Description of the task: Print the entries underneath word for word, omitting whatever pictures they contain.

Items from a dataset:
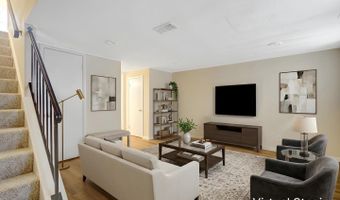 3364 S WAKEFIELD St #A, Arlington, VA 22206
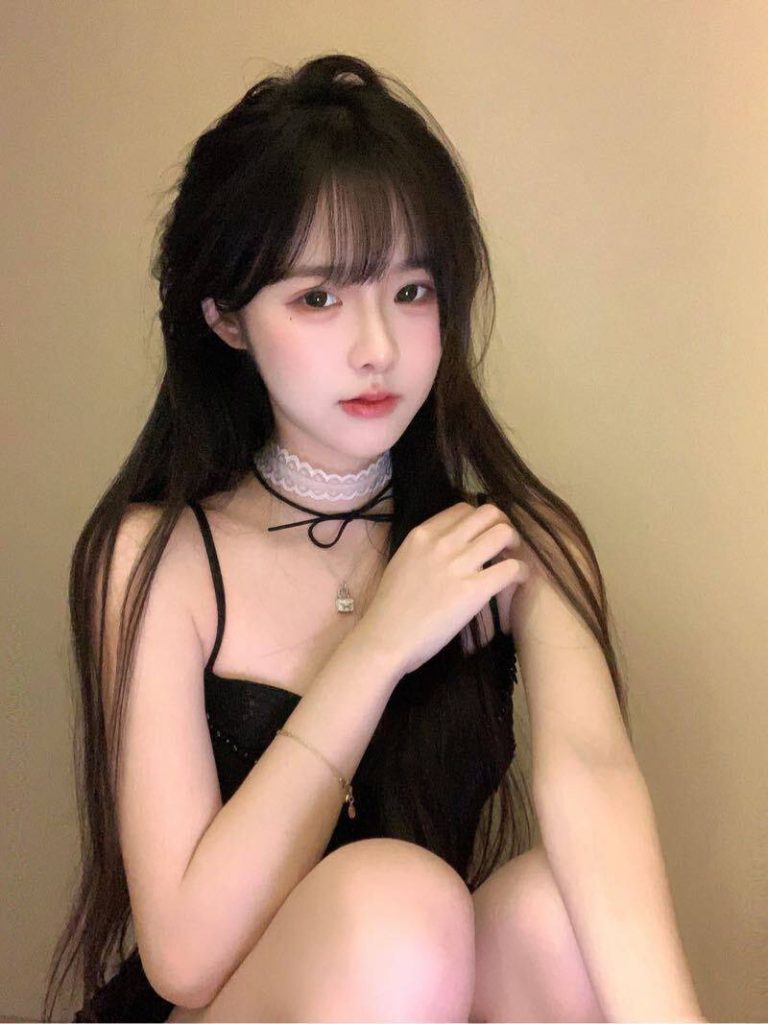 图片[4]-杭州年轻肤嫩00后小妹妹-51约啪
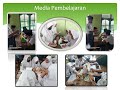 PROFIL MTs SABILUL ULUM MAYONG JEPARA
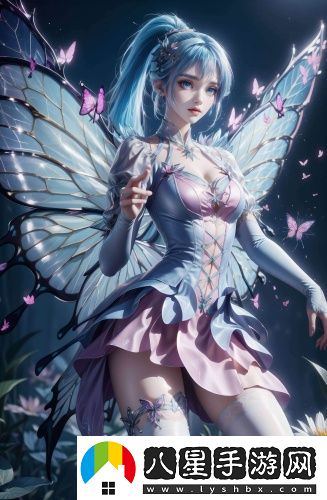 男生和女生一起打牌高清極速版app專享版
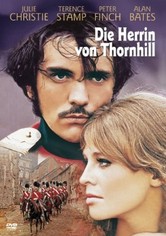 Die Herrin von Thornhill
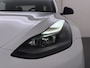 Tesla Model 3 RWD Plus SOH 92.9% Warmtepomp LFP Accu Lmv 19" Panoramadak Leder Navi Ecc Camera's Adap.Cruise Stoel+Stuurverwarming Elek.Achterklep Elek.Stoelen+Memory Led Draadloze telefoonlader 1e Eigenaar Origineel Nederlandse Auto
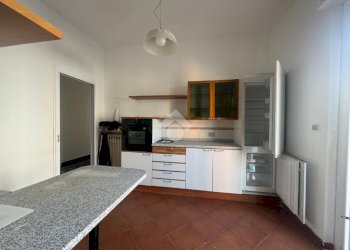 Quadrilocale Via Marengo, Alessandria - foto 22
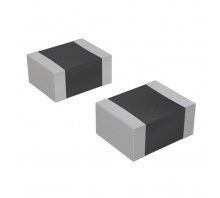 Imagen FCP1210C104G-G3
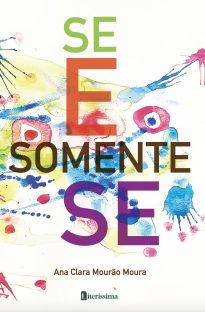 se e somente se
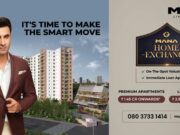 Mana Projects Introduces Home Exchange Programme to Simplify Home Upgrades for Buyers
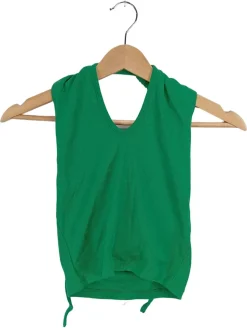 Pullunder Größe 38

Answer section:
 3364 S WAKEFIELD St #A, Arlington, VA 22206
 图片[4]-杭州年轻肤嫩00后小妹妹-51约啪
 PROFIL MTs SABILUL ULUM MAYONG JEPARA
 男生和女生一起打牌高清極速版app專享版
 Die Herrin von Thornhill
 Tesla Model 3 RWD Plus SOH 92.9% Warmtepomp LFP Accu Lmv 19" Panoramadak Leder Navi Ecc Camera's Adap.Cruise Stoel+Stuurverwarming Elek.Achterklep Elek.Stoelen+Memory Led Draadloze telefoonlader 1e Eigenaar Origineel Nederlandse Auto
 Quadrilocale Via Marengo, Alessandria - foto 22
 Imagen FCP1210C104G-G3
 se e somente se
 Mana Projects Introduces Home Exchange Programme to Simplify Home Upgrades for Buyers
 Pullunder Größe 38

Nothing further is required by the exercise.